Last week here I continued to provide evidence in support of the bearish case and suggested to sell all rallies. That worked every day last week as every rally failed. So where are we now? Below I will present the facts of breadth and the open interest with the caveat that the election is next week and is a wild card.
SPX at 20-day highs: This continues to fail to make higher highs on rallies and then gets oversold fairly quickly. This can stay oversold for several days before it rebounds and thus doesn’t tell us much currently except the market is weak (no surprise). This will be useful when we see our first rally that gets 20-day highs above 25% because it could signal a trend change coming.
SPX at 20-day lows: This is still not indicative of a capitulation bottom. Typically more lows will be made when the market has reached or is very close to a bottom. It’s not a full proof measure, but definitely a good one to watch with any further lows in the market.
SPX stocks above their 20-day MA: As I have been saying for over a month, this continues to suggest that rallies will fail to hold until it improves with rallies or begins to show positive divergence.
QQQ stocks above their 20-day MA: I had pointed out the negative divergence for weeks and price finally caught up to it. Although it’s not a great short term indicator, it did a great job informing us to 1) sell rallies and 2) not fall for the trap of buying breakouts or thinking a new QQQ high was going to lead the rest of the market higher. Until this shows a positive divergence to the QQQ’s price or improves substantially with rallies, it bears repeating, rallies will likely fail.
Bearish Weekly MACD crosses: I’ve been tracking the main indexes and discussing that all indexes except the QQQ’s had already crossed. Last week I pointed out that it was threatening a cross. By now I’m sure you can guess that it has indeed joined the club which leaves the NYSE, DJIA, SPX, IWM and QQQ’s with weekly bearish MACD crosses.

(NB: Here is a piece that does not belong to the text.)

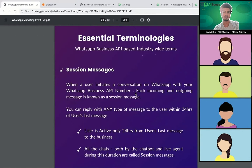So what is a session message? Let's create a scenario. Suppose a user initiated a chat at 7:30 PM with your business today and sends you a last message at 8 PM. There's always a 24-hour window that opens from the last message of the user. Within that 24-hour window, you as a business can send them any kind of message — whether it's promotional, whether it's an offer, whether it's a simple query-solving message. There's no restriction.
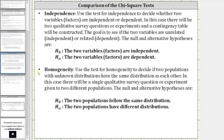Next we have independence. Use the test for independence to decide whether two variables or factors are independent or dependent. There will be two qualitative survey questions or experiments and a contingency table will be constructed. The goal is to see if the two variables are unrelated, meaning independent, or related, meaning dependent. The null hypothesis is the two variables or factors are independent, and the alternative hypothesis is the two variables or factors are dependent.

SPY-W Open Interest: (7 for 8 pinning since the Wednesday expirations began)* Next week there are some puts near the 208/209 area but the heavy put support is at the 205 strike and below. That is also a level of technical support and if price gets there it should hold, at least on the first touch.
SPY-F Open Interest: (2 for 4 with pinning since I officially started keeping track)* Below there is some puts stacked at the 210 level and then heavier puts starting at the 208 level. Keep in mind this will very likely change throughout the week. Both the Wednesday and Friday open interests have very little call resistance. I mentioned last week that in the past when there is little call resistance it tended to be bullish; however, recently price has been gravitating toward the highs strike puts. If that continues next week consider it more bearish.
In sum: the current trend favors the bears and the market environment continues to favor selling rallies. With that said I do believe the election is a wild card. Should there be a large rally next week bulls would want to see significant improvement in breadth or the rally will likely be given back plus some before year end.
Good luck next week. If you want significantly more commentary regarding the overall market every day as well as real-time trade alerts consider joining us here.
*SPY-W: For the first time it failed to close above all the high strike puts.
SPY-F: The 208 puts were not breached.